▸ **STORED DATA**
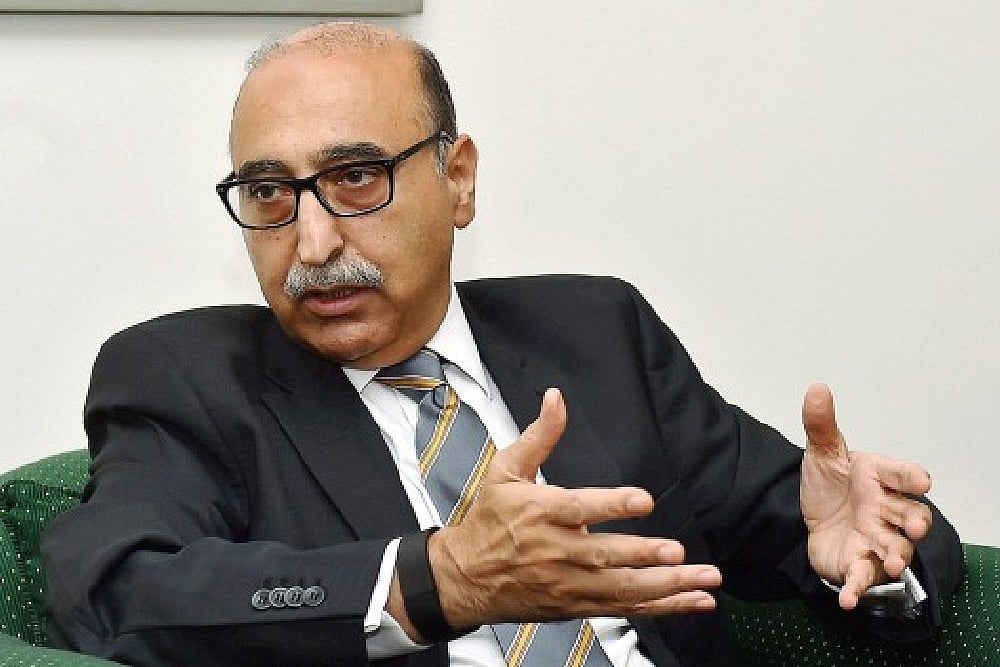 Ex-Pak Envoy Abdul Basit Retweets Photo Of Filmstar As Kashmiri Who Lost Vision
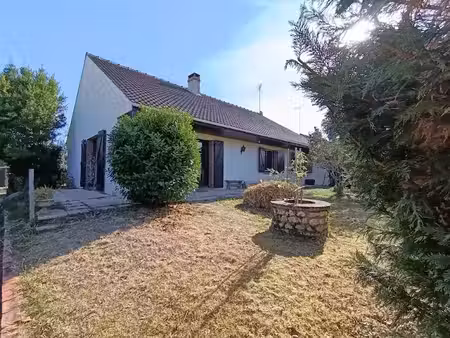 vente maison 4 pièces 157 m² à boiscommun (45340)  170 000 €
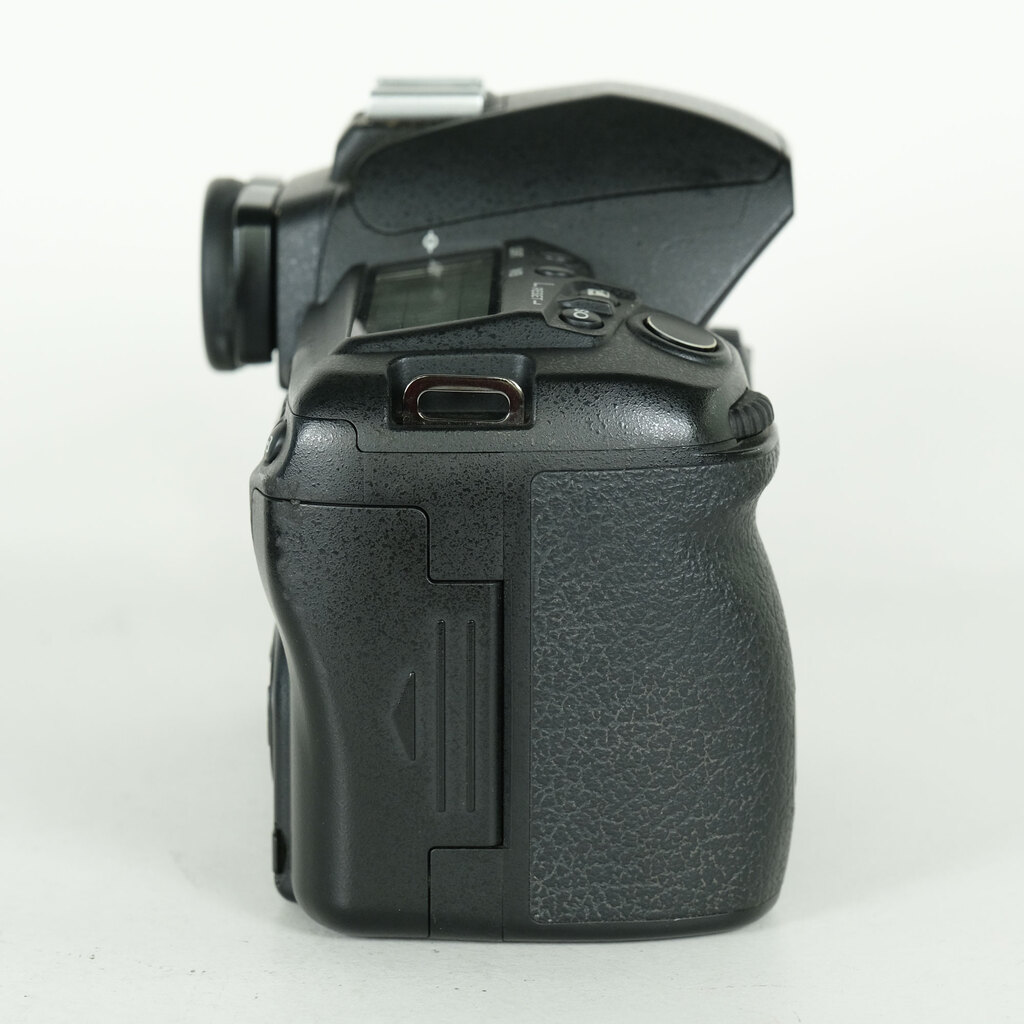 OLYMPUS E-30 ボディの出品 | ONE SCENE（ワンシーン）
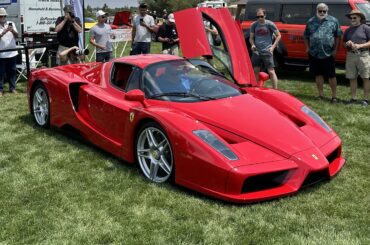 Ferrari Enzo [2345x2345]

▸ **TASK BRIEF**
Set down the data exactly as it appears, without any images.

▸ **WRITTEN RESPONSE**
 Ex-Pak Envoy Abdul Basit Retweets Photo Of Filmstar As Kashmiri Who Lost Vision
 vente maison 4 pièces 157 m² à boiscommun (45340)  170 000 €
 OLYMPUS E-30 ボディの出品 | ONE SCENE（ワンシーン）
 Ferrari Enzo [2345x2345]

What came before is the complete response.